Exercise aim:
From the line with "3842553630 DOOR HANDLE" to the final line of the data below, please write out every line exactly, with no pictures.
── Working data ──
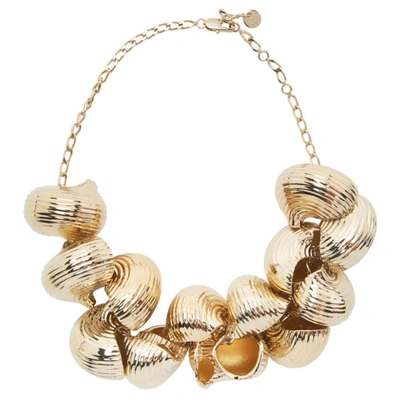 Shop Jacquemus Gold 'le Collier Des Pates' Necklace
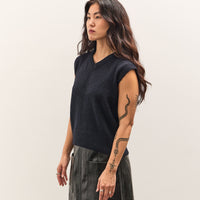 Mijeong Park Wool Blend V-Neck Vest, Navy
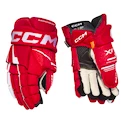 Guanti da hockey CCM Tacks XF Red/White Junior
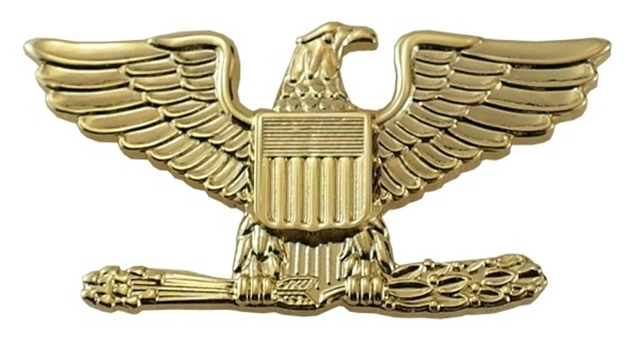Hero's Pride 4428RG Colonel Pin w/ Regular/Clutch Back - 1'' High - Pair Hero's Pride 4428RG Colonel Pin w/ Regular/Clutch Back - 1'' High - Pair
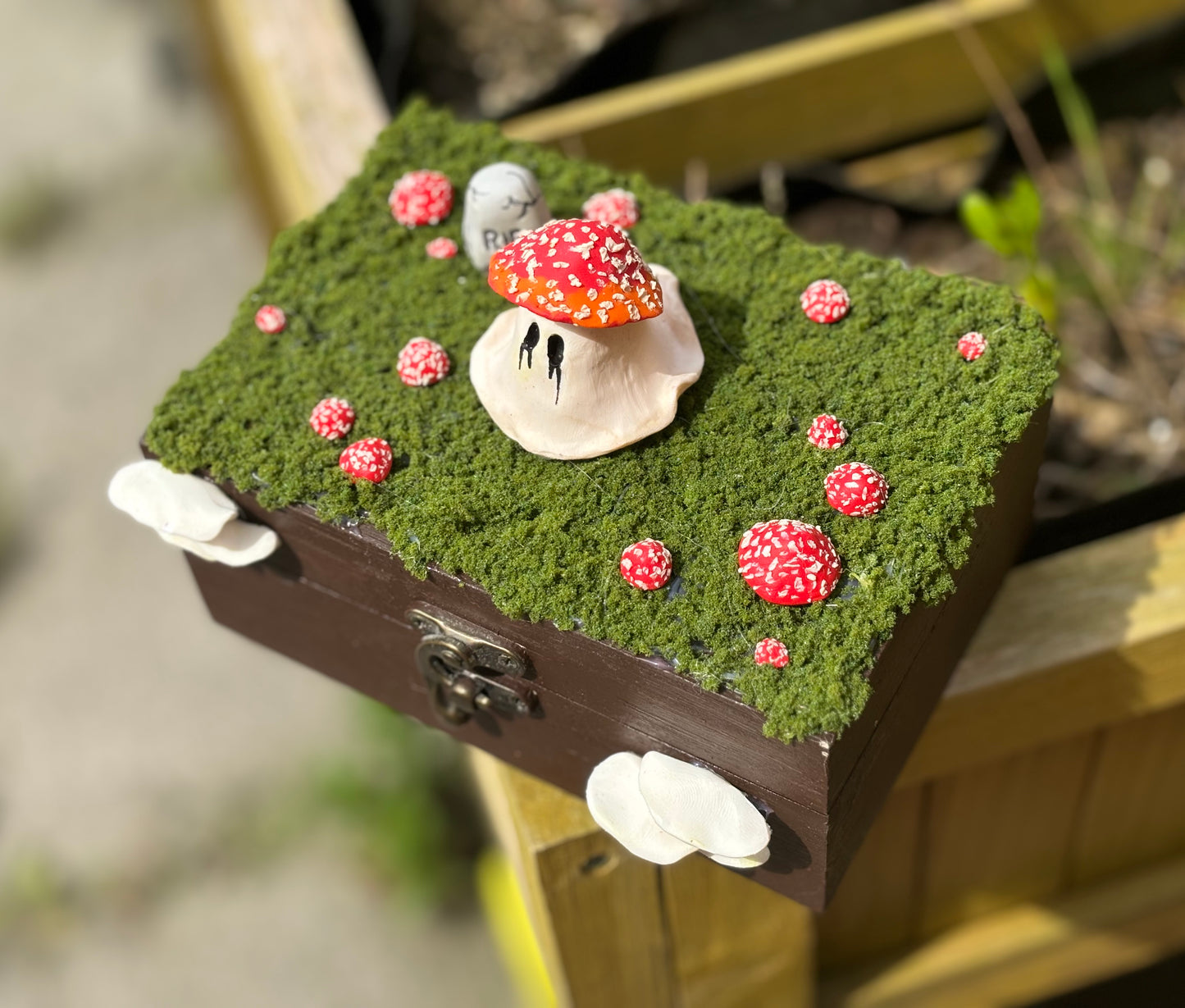 Mushroom Ghost Jewellery Box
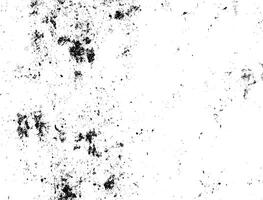 Black and white grunge urban texture vector with copy space. Abstract illustration surface dust and rough dirty wall background with empty template. Distress or dirt and grunge effect concept - vector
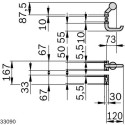 3842553630 DOOR HANDLE LEVER-KNOB Bosch Rexroth, superior quality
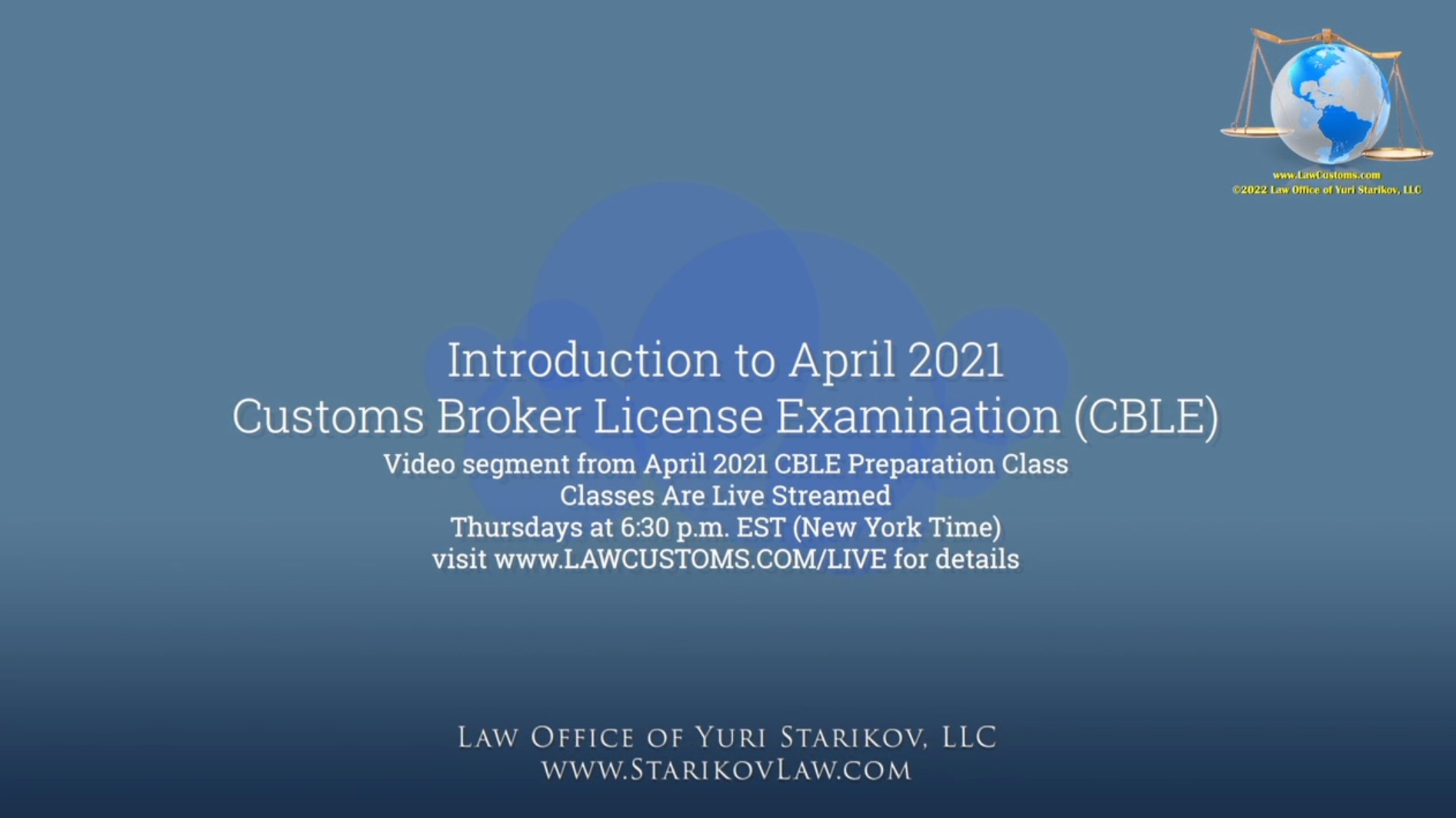 Introduction To Customs Broker License Examination (April 2021 CBLE ...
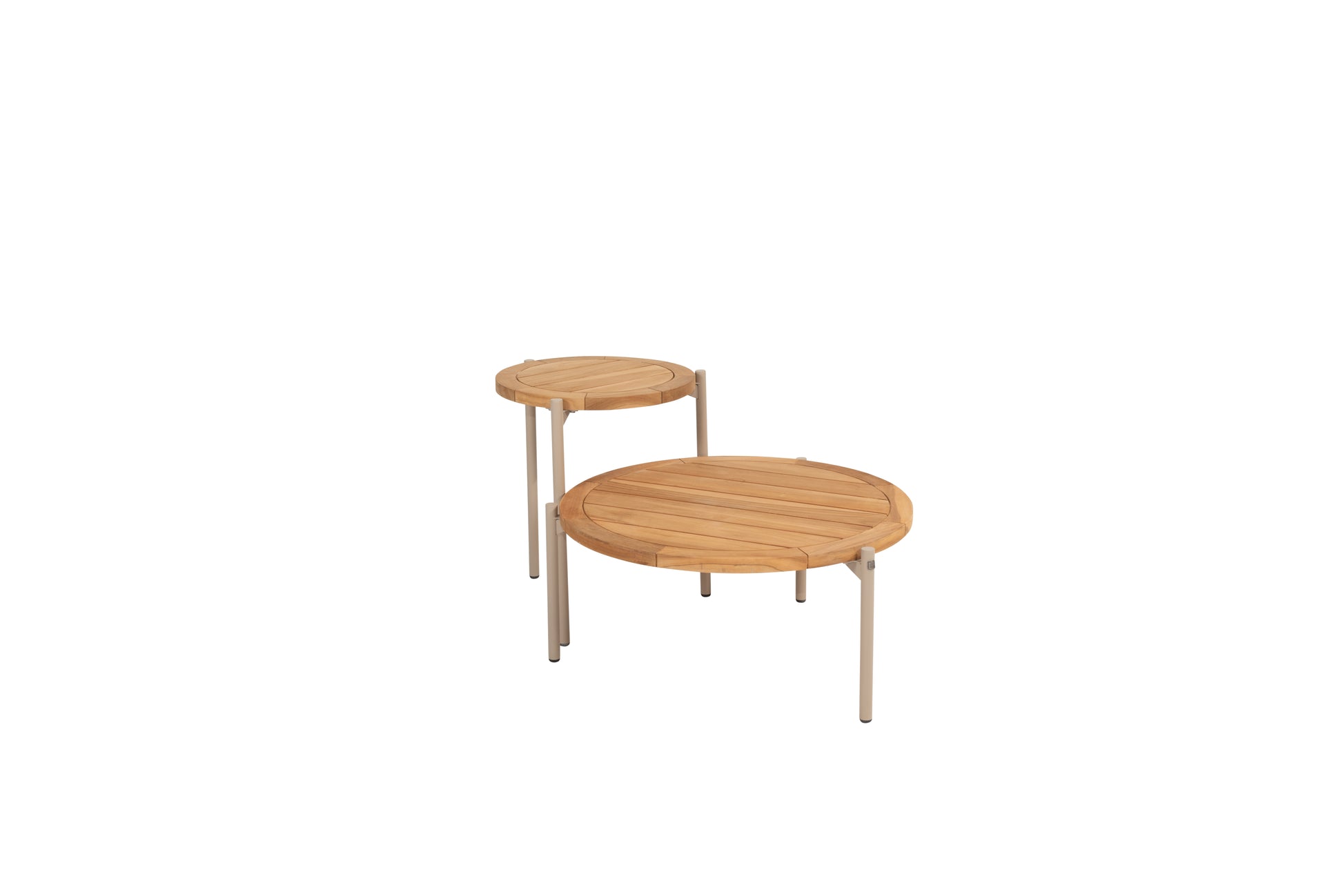 Yoga coffee tables Latte 73cm and 45cm - view 2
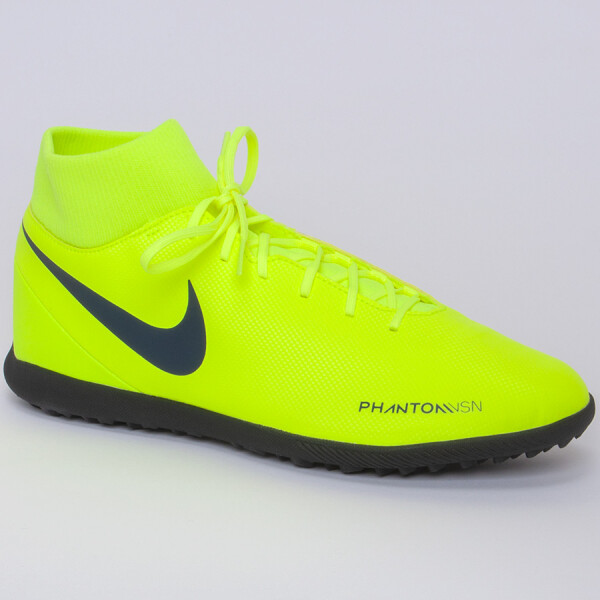 CHUTEIRA SOCIETY NIKE PHANTOM VISION CLUB DYNAMIC FIT TF - Verde/marinho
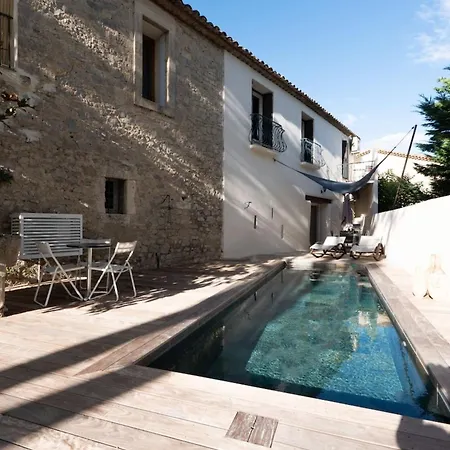 Bardelours 1 Charming House With Swimming Pool In The Heart Of The Pic Sa Casa de Férias Saint-Bauzille-de-Montmel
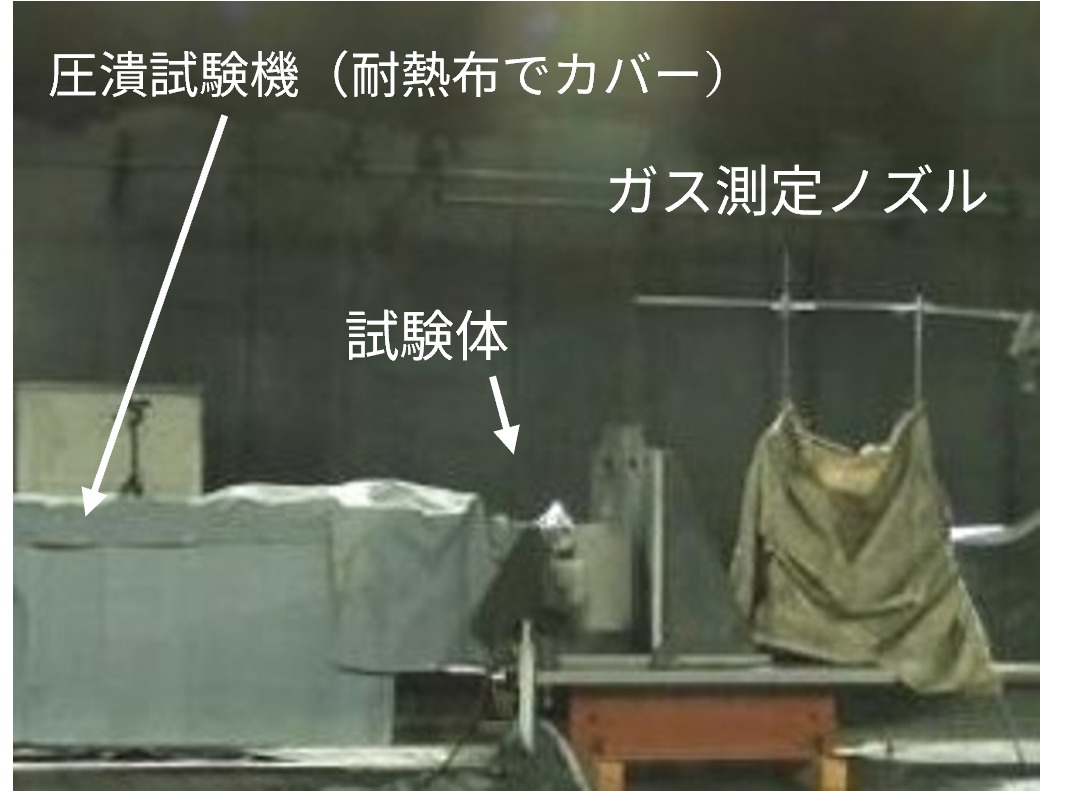 試験機のセッティング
───
Solution for this exercise:
 3842553630 DOOR HANDLE LEVER-KNOB Bosch Rexroth, superior quality
 Introduction To Customs Broker License Examination (April 2021 CBLE ...
 Yoga coffee tables Latte 73cm and 45cm - view 2
 CHUTEIRA SOCIETY NIKE PHANTOM VISION CLUB DYNAMIC FIT TF - Verde/marinho
 Bardelours 1 Charming House With Swimming Pool In The Heart Of The Pic Sa Casa de Férias Saint-Bauzille-de-Montmel
 試験機のセッティング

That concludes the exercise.